» What the task requires: Output the data verbatim, with nothing added or dropped.

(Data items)

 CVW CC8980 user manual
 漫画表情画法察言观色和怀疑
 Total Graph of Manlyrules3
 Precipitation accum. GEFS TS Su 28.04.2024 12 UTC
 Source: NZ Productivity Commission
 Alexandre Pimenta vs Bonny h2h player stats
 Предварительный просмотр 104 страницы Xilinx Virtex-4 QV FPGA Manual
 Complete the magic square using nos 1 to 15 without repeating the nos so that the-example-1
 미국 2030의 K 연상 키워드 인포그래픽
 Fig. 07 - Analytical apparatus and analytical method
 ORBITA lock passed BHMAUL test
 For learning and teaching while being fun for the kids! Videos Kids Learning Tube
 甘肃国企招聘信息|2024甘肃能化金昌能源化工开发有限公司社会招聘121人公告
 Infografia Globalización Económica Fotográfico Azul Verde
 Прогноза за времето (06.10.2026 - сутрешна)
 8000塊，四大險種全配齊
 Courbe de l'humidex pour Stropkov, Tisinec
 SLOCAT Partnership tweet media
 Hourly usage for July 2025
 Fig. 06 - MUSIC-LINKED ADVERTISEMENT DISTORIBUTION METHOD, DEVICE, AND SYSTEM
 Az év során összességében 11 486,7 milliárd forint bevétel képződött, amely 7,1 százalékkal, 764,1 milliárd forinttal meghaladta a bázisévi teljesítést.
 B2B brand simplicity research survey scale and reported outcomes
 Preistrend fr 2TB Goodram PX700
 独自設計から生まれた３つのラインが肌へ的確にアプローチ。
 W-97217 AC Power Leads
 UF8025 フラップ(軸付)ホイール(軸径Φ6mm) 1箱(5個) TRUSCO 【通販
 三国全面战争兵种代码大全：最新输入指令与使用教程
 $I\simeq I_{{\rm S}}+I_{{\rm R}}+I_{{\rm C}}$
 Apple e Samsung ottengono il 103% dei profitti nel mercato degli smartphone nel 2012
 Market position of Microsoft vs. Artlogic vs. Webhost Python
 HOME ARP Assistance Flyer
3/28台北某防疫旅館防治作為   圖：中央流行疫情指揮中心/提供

» Answer space:
 CVW CC8980 user manual
 漫画表情画法察言观色和怀疑
 Total Graph of Manlyrules3
 Precipitation accum. GEFS TS Su 28.04.2024 12 UTC
 Source: NZ Productivity Commission
 Alexandre Pimenta vs Bonny h2h player stats
 Предварительный просмотр 104 страницы Xilinx Virtex-4 QV FPGA Manual
 Complete the magic square using nos 1 to 15 without repeating the nos so that the-example-1
 미국 2030의 K 연상 키워드 인포그래픽
 Fig. 07 - Analytical apparatus and analytical method
 ORBITA lock passed BHMAUL test
 For learning and teaching while being fun for the kids! Videos Kids Learning Tube
 甘肃国企招聘信息|2024甘肃能化金昌能源化工开发有限公司社会招聘121人公告
 Infografia Globalización Económica Fotográfico Azul Verde
 Прогноза за времето (06.10.2026 - сутрешна)
 8000塊，四大險種全配齊
 Courbe de l'humidex pour Stropkov, Tisinec
 SLOCAT Partnership tweet media
 Hourly usage for July 2025
 Fig. 06 - MUSIC-LINKED ADVERTISEMENT DISTORIBUTION METHOD, DEVICE, AND SYSTEM
 Az év során összességében 11 486,7 milliárd forint bevétel képződött, amely 7,1 százalékkal, 764,1 milliárd forinttal meghaladta a bázisévi teljesítést.
 B2B brand simplicity research survey scale and reported outcomes
 Preistrend fr 2TB Goodram PX700
 独自設計から生まれた３つのラインが肌へ的確にアプローチ。
 W-97217 AC Power Leads
 UF8025 フラップ(軸付)ホイール(軸径Φ6mm) 1箱(5個) TRUSCO 【通販
 三国全面战争兵种代码大全：最新输入指令与使用教程
 $I\simeq I_{{\rm S}}+I_{{\rm R}}+I_{{\rm C}}$
 Apple e Samsung ottengono il 103% dei profitti nel mercato degli smartphone nel 2012
 Market position of Microsoft vs. Artlogic vs. Webhost Python
 HOME ARP Assistance Flyer
3/28台北某防疫旅館防治作為   圖：中央流行疫情指揮中心/提供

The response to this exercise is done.